現在、商業施設等の様々な場所においてエレベータシステムが設置されている。エレベータシステムでは、乗りかごがガイドレールに案内されて昇降路内を昇降している。このような乗りかごの昇降動作において、乗りかごのぶれを抑制するために、乗りかごに設けられたガイドシューがガイドレールに摺接されている。そして、これらのガイドシューとガイドレールとの摺動を円滑にしながら異常音等を防止して乗りかごを走行させるために、ガイドレールに摺接し、潤滑油が供給可能な油供給装置が設けられている。例えば、特許文献1には、エレベータのガイドレール給油システムが開示されている。ここでは、昇降路壁に固設されたガイドレールに案内されて乗りかごと釣合いおもりとが昇降し、ガイドレールに摺接して潤滑油が供給可能な油供給装置と、少なくとも乗りかごを診断運転させて保守点検データを取り込む診断運転装置とを備えている。そして、貯留した潤滑油を油供給装置へ送出可能な補給装置を備え、この補給装置が診断運転装置からの補給指令で作動して、診断運転中に油供給装置への潤滑油の補給がなされるように構成されている。
上記特許文献1の構成によれば、ガイドレールに対して潤滑油を供給することができる。しかし、特許文献1の構成では、乗りかごの走行中は異常音等が発生しているか否かにかかわらず油供給装置からガイドレールに対して潤滑油が供給された状態のままのため、すぐに潤滑油がなくなってしまうことがある。そのまま乗りかごの運行を続けると潤滑油を供給する必要のある本来の箇所に給油できない可能性がある。
本発明の目的は、必要な場合にのみ潤滑油の供給を行うエレベータシステムを提供することである。
本発明に係るエレベータシステムは、乗りかごと、乗りかごの移動を案内するガイドレールと、ガイドレールと乗りかごに設けられた被ガイド部材との摺動音が異常音であるか否かを判定する異常音判定手段と、潤滑油を蓄積するタンク部と、ガイドレールに対して潤滑油を噴射するノズル部と、タンク部に蓄積された潤滑油をノズル部に対して供給するポンプ部と、前記摺動音が異常音判定手段によって異常音であると判定されたときにポンプ部に対して電力を供給する電源部と、を備える。
また、本発明に係るエレベータシステムにおいて、異常音判定手段は、前記摺動音が予め定められた音の大きさ、音の高さのうちの少なくとも1つに一致した場合に異常音であると判定することが好ましい。
また、本発明に係るエレベータシステムにおいて、異常音判定手段は、前記摺動音が予め定められた音の大きさの範囲、音の高さの範囲のうちの少なくとも1つの範囲から外れた場合に異常音であると判定することが好ましい。

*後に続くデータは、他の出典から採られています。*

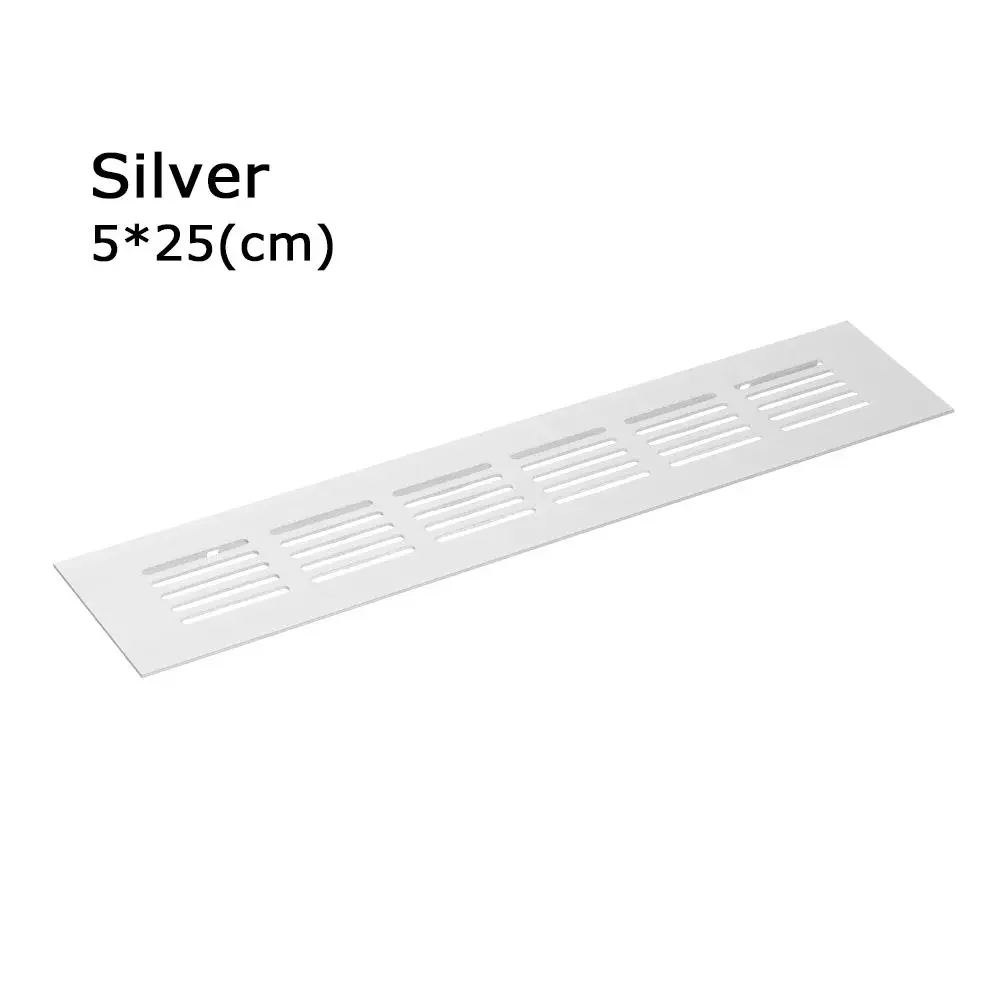 

Шкаф из алюминиевого сплава, вентиляционная решетка, декоративная крышка, шкаф для обуви, сетчатая крышка с отверстием, фурнитура, аксессуары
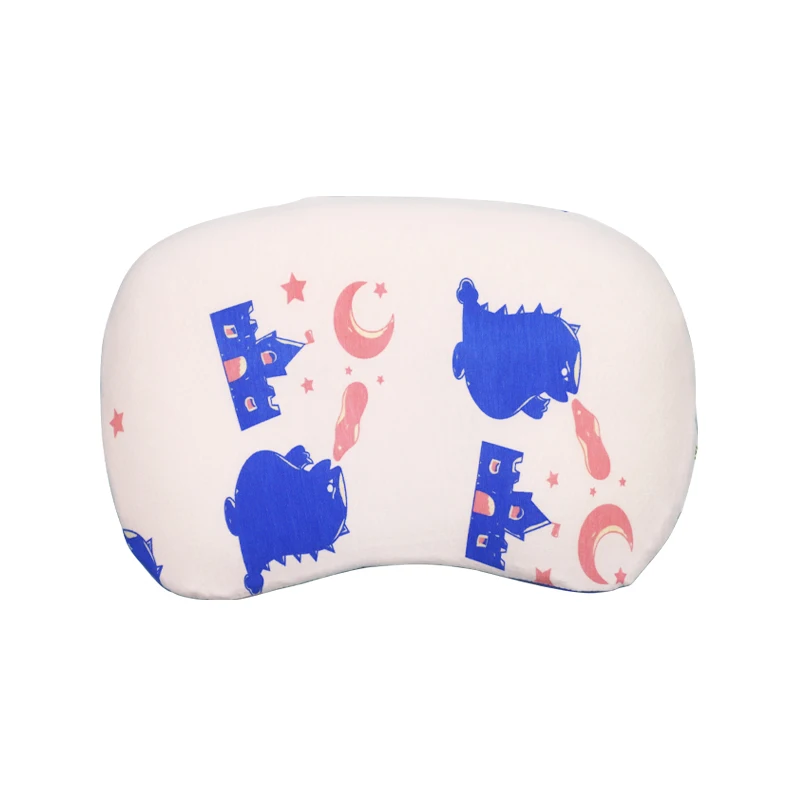 High Quality Baby Head Protection Pillow Silicone Foam Baby Sleeping Pillow Corn Shape Baby Bedding Sets Pillow For Newborn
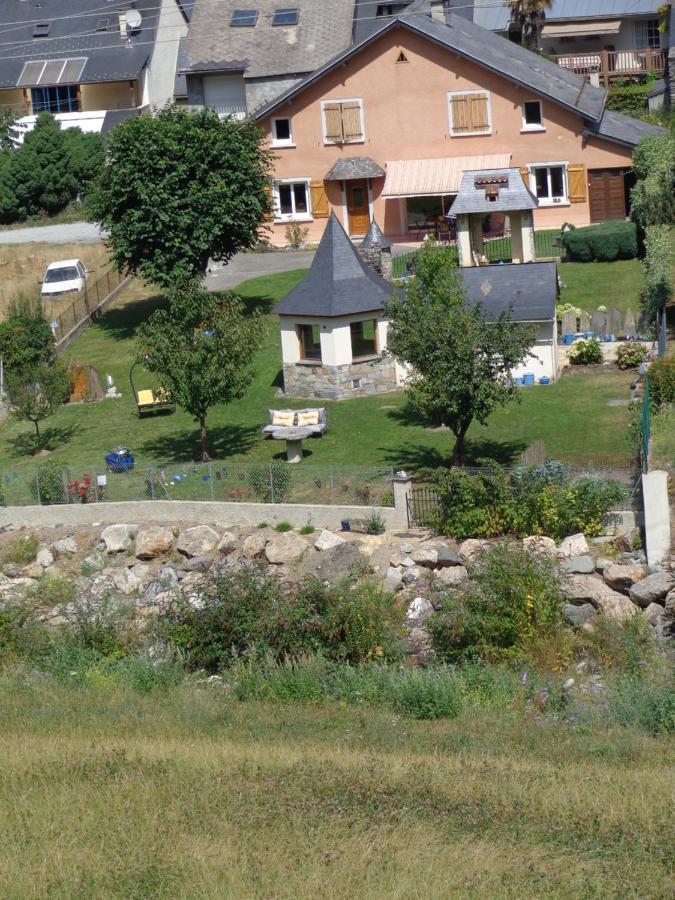 Chez Corine Marque Badet Apartment Luz-Saint-Sauveur Luaran gambar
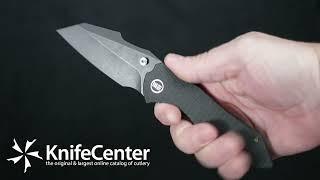 WE Knife Company Gavko High-Fin XL Frame Lock Folding Knife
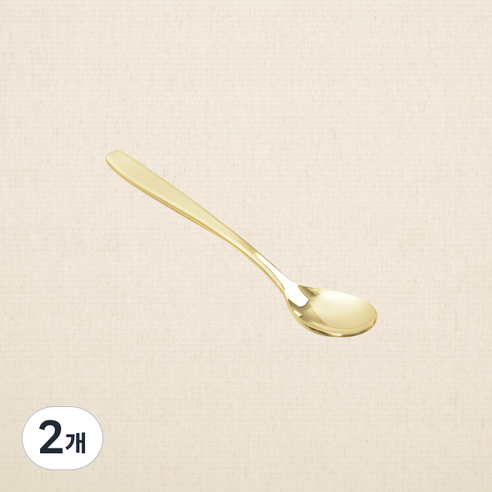 해모 윌리브 국산 304스텐 셀라 티타늄 커트러리, 단품, 2개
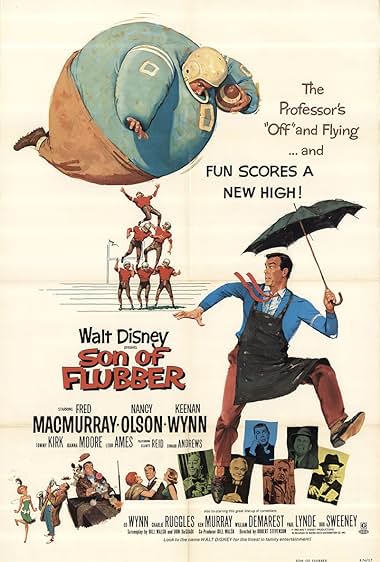 Famous trivia from Hollywood movie : Son of Flubber (1963)
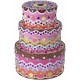 Набор для творчества Стикеровая мозаика - укрась шкатулку: Свадебный торт ALEX (178C)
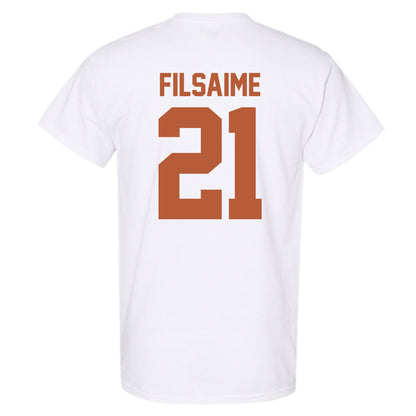 Texas - NCAA Football : Xavier Filsaime - Classic Shersey T-Shirt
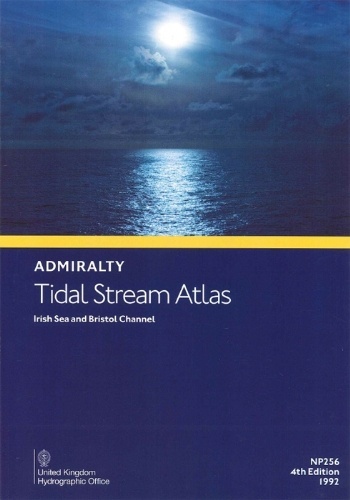 NP256 Tidal Stream Atlas Irish Sea and Bristol Channel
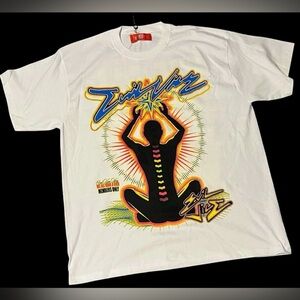 Evil Vice White Graphic Tee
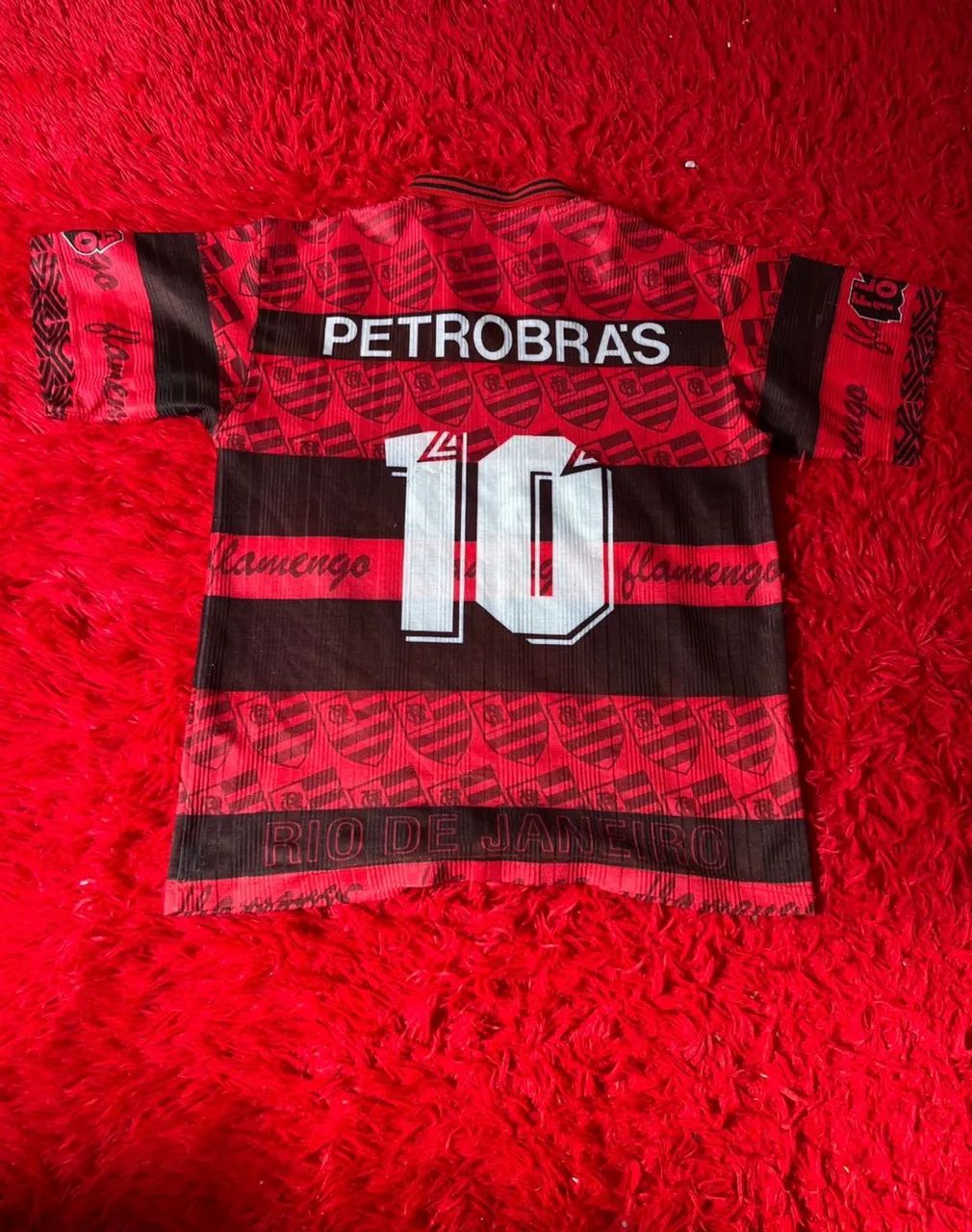 Flamengo 96/97 de época (Sávio 10) - Foto 4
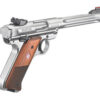 RUGER MRK IV HUNT 22LR 6.9" 10RD STN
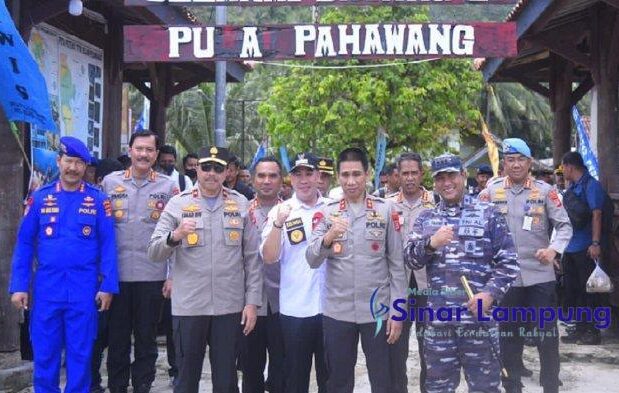 Kapolda Lampung: “Jika Ada Anggota Yang Tak Bayar Masuk Destinasi Wisata, Tagihannya ke Saya”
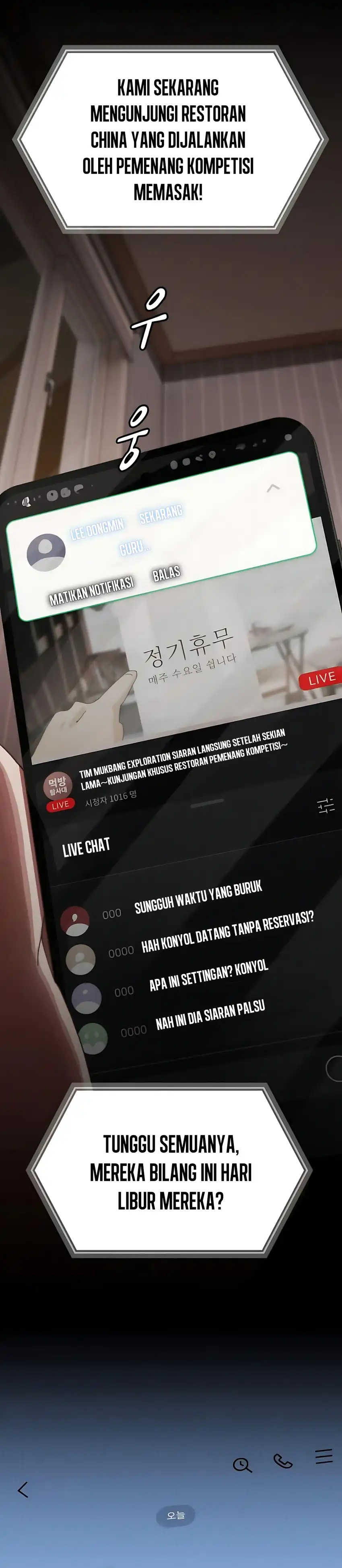 Baca The Genius Who Sees Through the World - Chapter 48 halaman 50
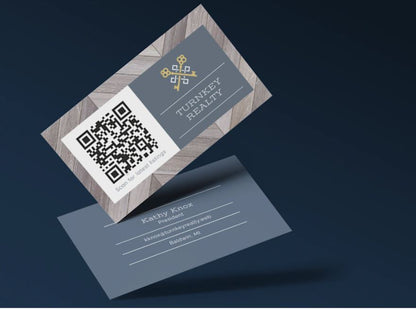 QR Code Business Cards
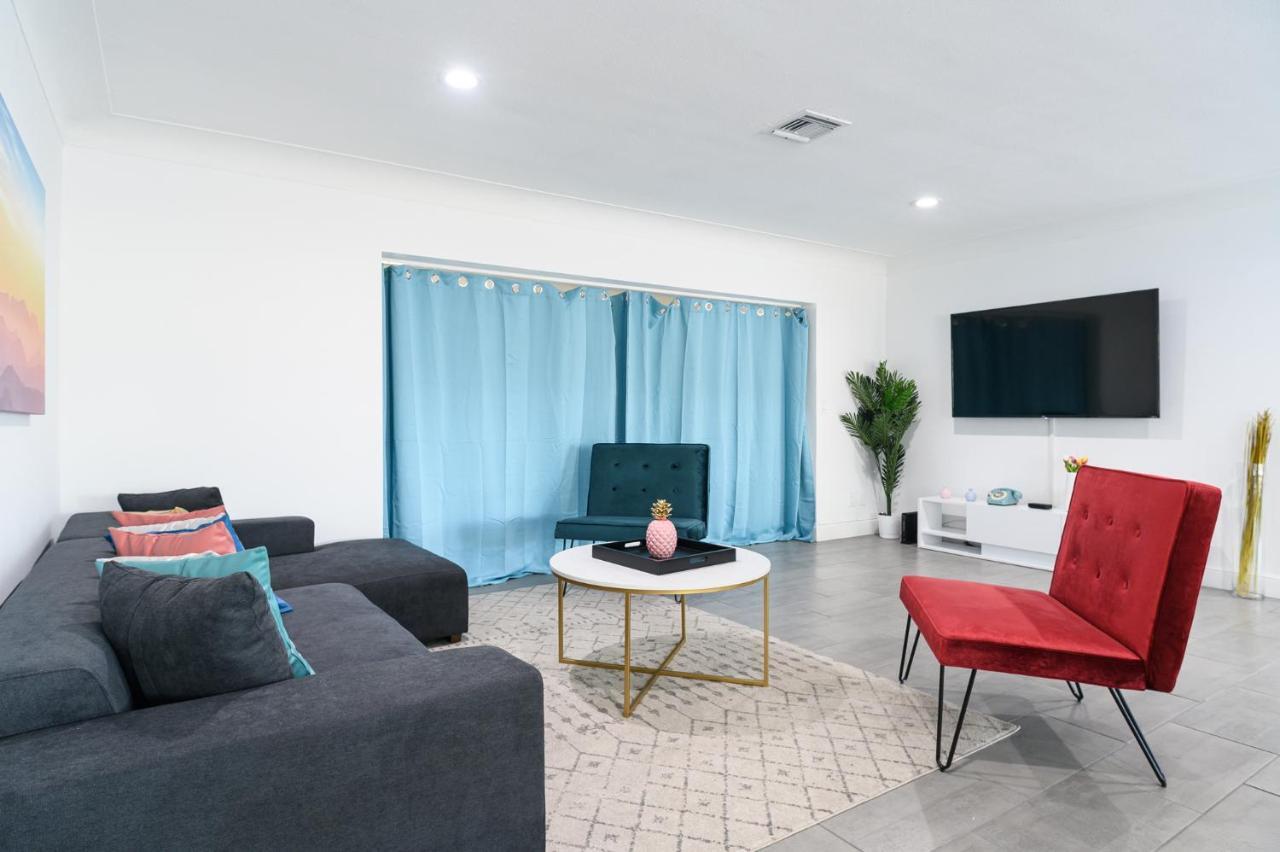 Luxury Casa 4 Bedrooms With Pool & Game Room 15 Mins To Ocean Fort Lauderdale Zewnętrze zdjęcie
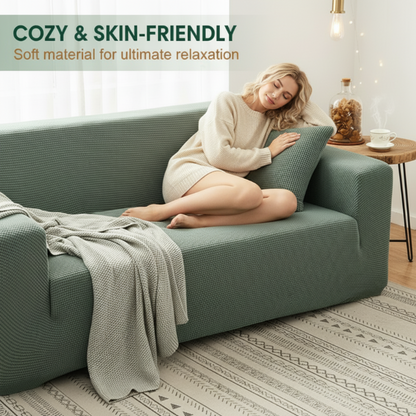 🔥Jacquard Knitted Stretch Sofa Cover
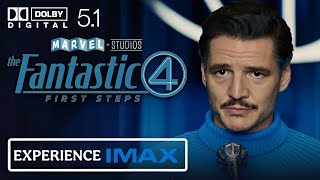 The Fantastic Four First Steps | Dolby 5.1 Trailer | IMAX | 4K | Theatrical Experience Trailer |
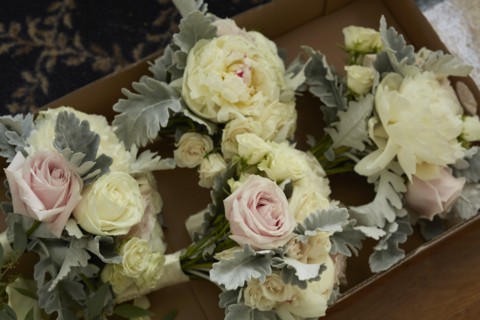 Bouquets of Wedding Flowers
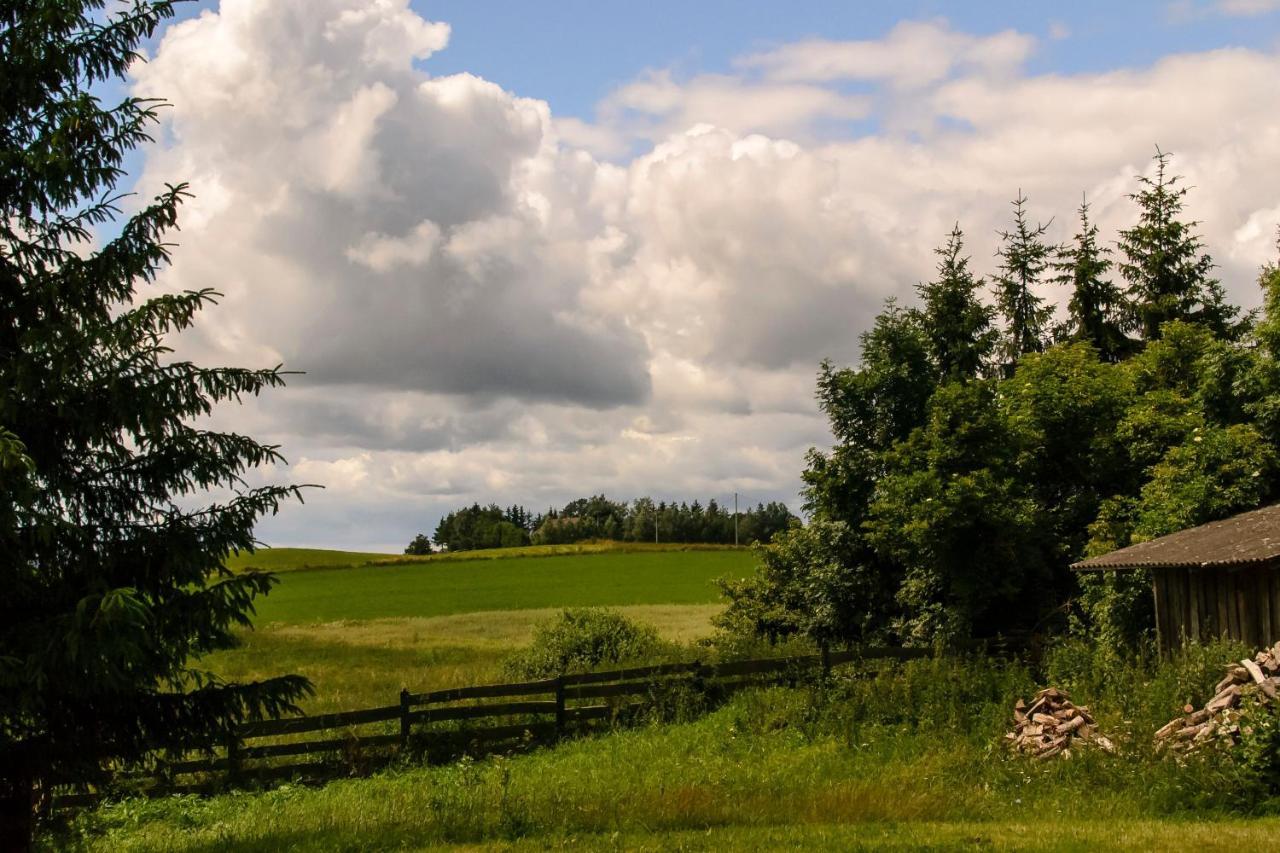Zakatek Szczescia Eko Agroturystyka Kiwity Exteriér fotografie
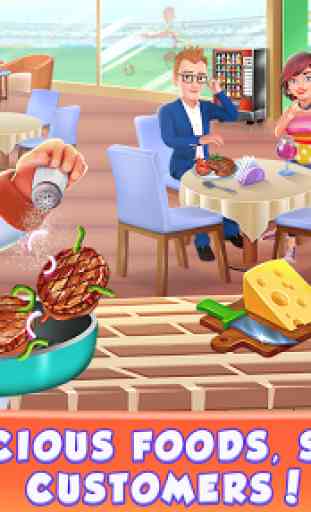 Chef Craze : Restaurant Cooking Game 1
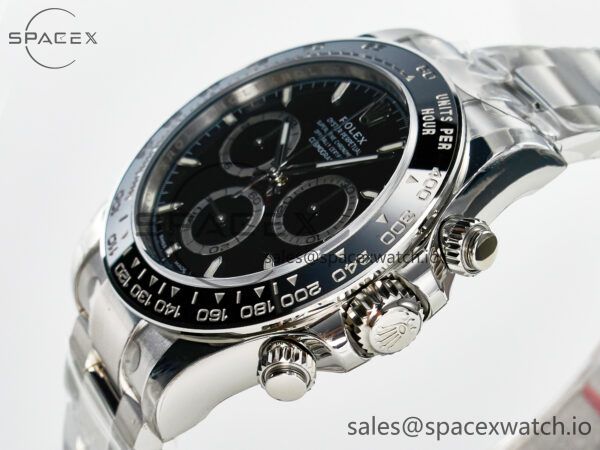 Daytona 126500 VSF 1:1 Best Edition 904L Steel Black Dial on SS Braclet DD4131 - Image 5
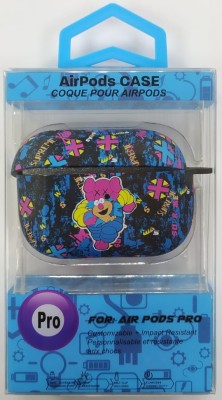 Силиконовый светящийся в темноте чехол для AirPods Pro Luxo Kaws рисунок №41 Силиконовый светящийся в темноте чехол для AirPods Pro Luxo Kaws рисунок №41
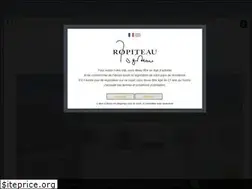 Sites similar to ropiteau.com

また、本発明に係るエレベータシステムにおいて、前記摺動音が異常音判定手段によって異常音であると判定されたときに異常音が発生した場所よりも上層階で乗りかごを停止させるとともに、ポンプ部に対して電力を所定の期間供給するように電源部を制御する給油制御手段をさらに備えることが好ましい。
また、本発明に係るエレベータシステムにおいて、前記上層階は、ガイドレールにおいて異常音が発生した箇所の直近の上層階であることが好ましい。
また、本発明に係るエレベータシステムにおいて、給油制御手段によって乗りかごと電源部とを制御した後、その異常音が発生した同じ箇所で前記摺動音が異常音判定手段によって再び異常音であると判定されたときに、給油制御手段によって繰り返し乗りかごと電源部とを制御する繰り返し手段を有することが好ましい。
また、本発明に係るエレベータシステムにおいて、繰り返し手段は、繰り返し回数が所定の数を超えたときに、情報センタに通報することが好ましい。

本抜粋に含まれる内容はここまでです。